Sorry for having taken so long with my art, I has so many problems, mostly personal and mental problems. I've been kicked out of my mother's house by my father, and when I came back he had taken (pretty much stolen) my tablet and pencil. He is a sick man, he returned my tablet but destroyed my pencil and me and my mother don't have enough money to buy a new one.

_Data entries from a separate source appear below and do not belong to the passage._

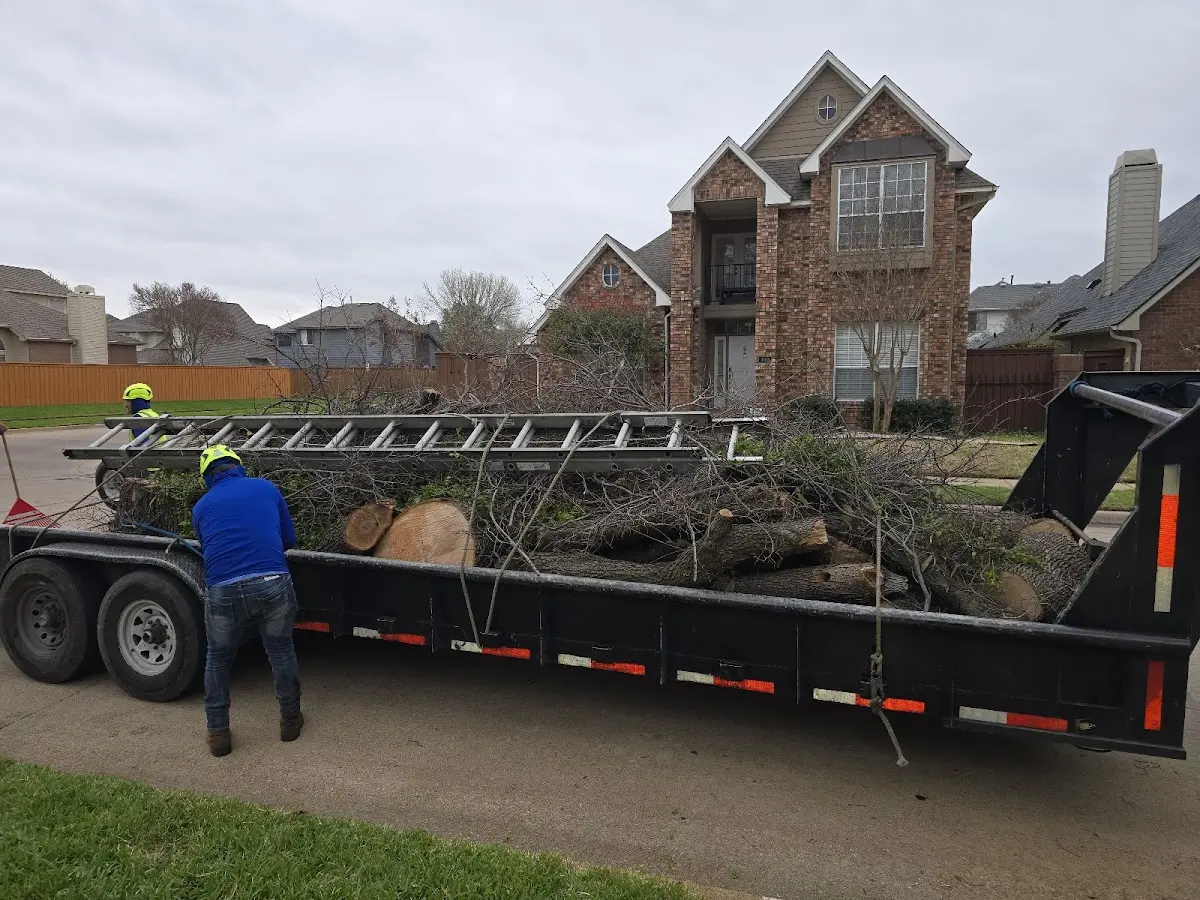 Expert Lot Clearing with proper safety equipment in Ault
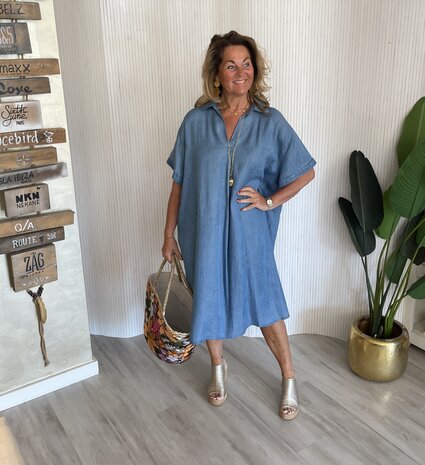 Maaike denim dress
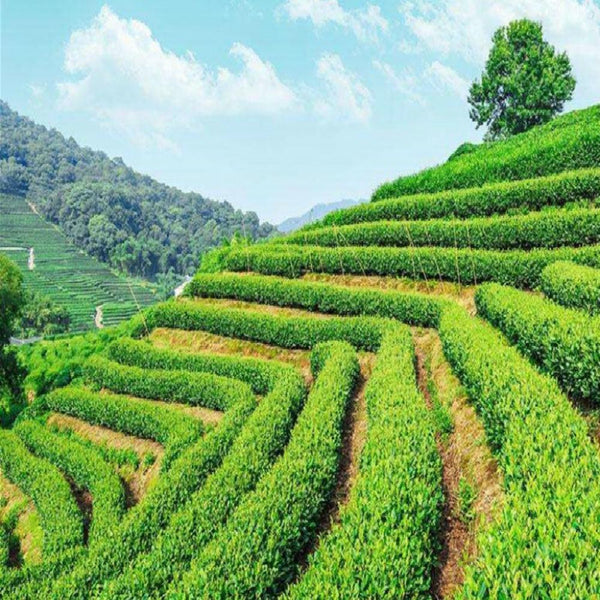 HelloYoungTea Yunnan Puerh Tea Cake 2017 Ripe Puer Cake 357g Vintage Chen Xiang Hong Yin Shu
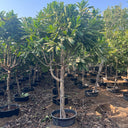 Plumeria Obtusa – Frangipani Tree 5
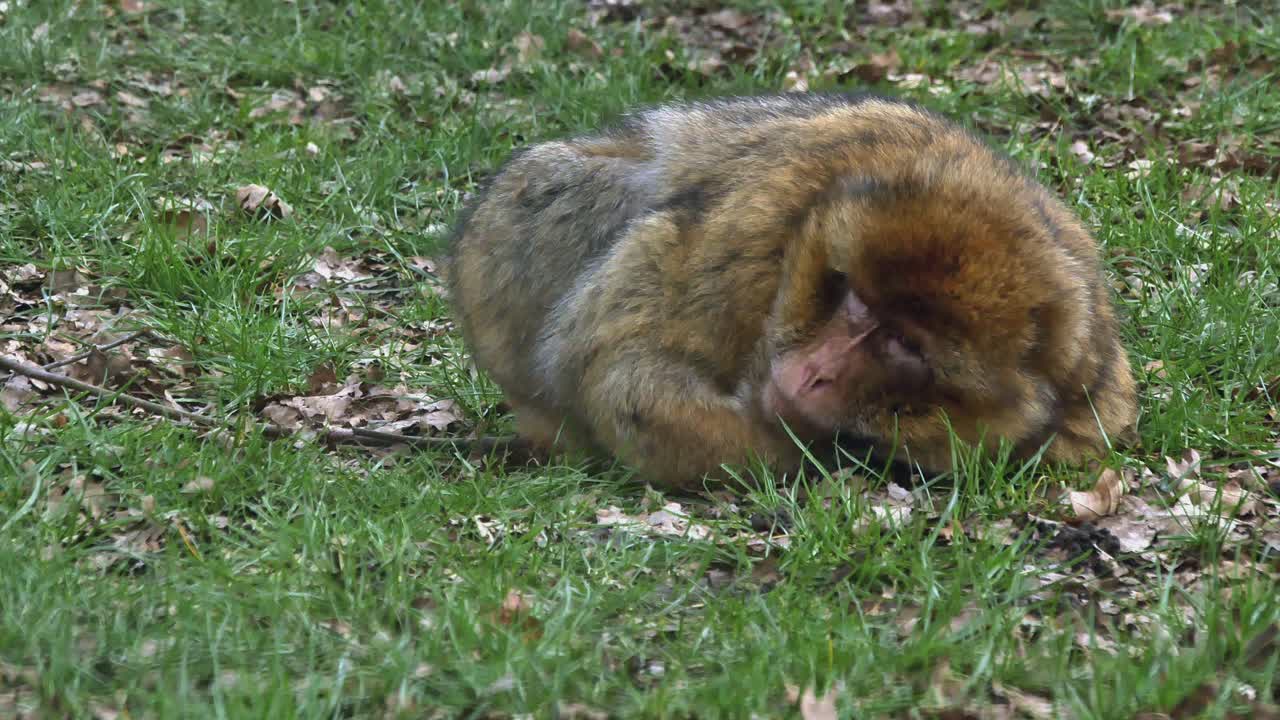 Barbary Macaque Ape Lying On The Ground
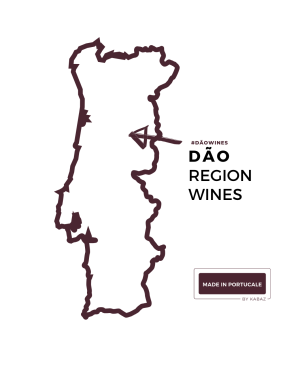 Quinta do Sobral Vinho Tinto Jaen 2021 Dão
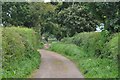 East Devon : Burrow Road [Track]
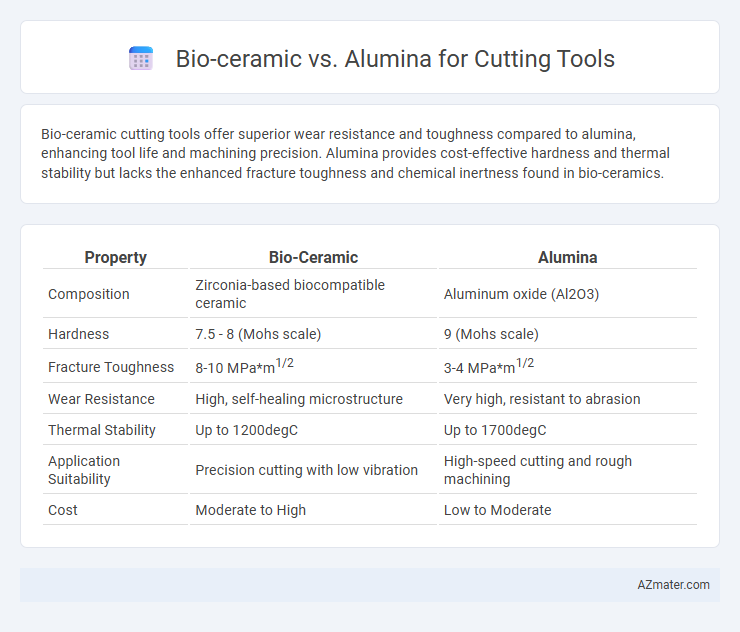 Bio-ceramic vs. Alumina for Cutting Tools - What is The Difference?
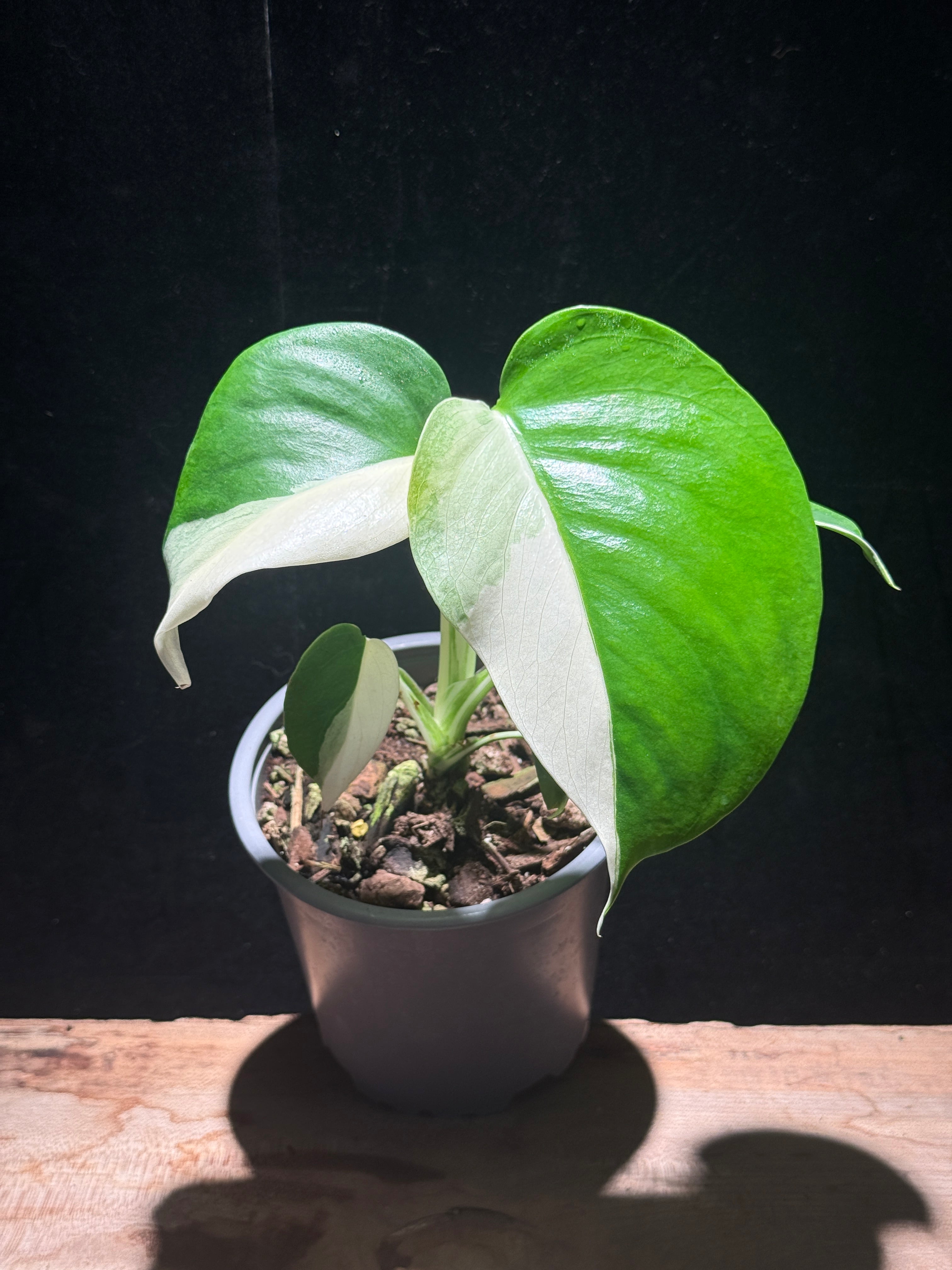 Monstera deliciosa ‘Albo’ – Variegated Swiss Cheese Plant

Atm I have so many school stuff to do, I also need to look for a job, I can’t do this alone, but the only help I have is not enough. My father has told me that he almost destroyed my tablet but luckily he didn’t, and I owe so much art but I just don’t have any other way to draw. I might try to sell some characters, but I honestly find some much comfort on most of them I cannot just give them away, that would make my psychological situation even worse. Not been able to draw was already quite damaging for me, as I usually use it as a way of relieving stress. And I need to relieve stress because of my tourettes, I can’t sleep because of how painful it is the aftermath of having so many tics everytime I get anxious, which is usually all the time as I got nothing to do outside of my school projects, which are very stressful for me. I’m also in hope of getting tested for adhd, I have been told before I might have a problem and have a lot of the symptoms, but I can’t tell yet, so I don’t want to self diagnose. But yeah, I’ve been struggling with life in general and I can’t focus on homework or anything, I need a ton of help and feel really stupid and useless.

So, yeah, please forgive me for being so irresponsible with this kind of stuff, I’ll try to get most of it done if I can get another pen, but atm I’m pretty much fucked up.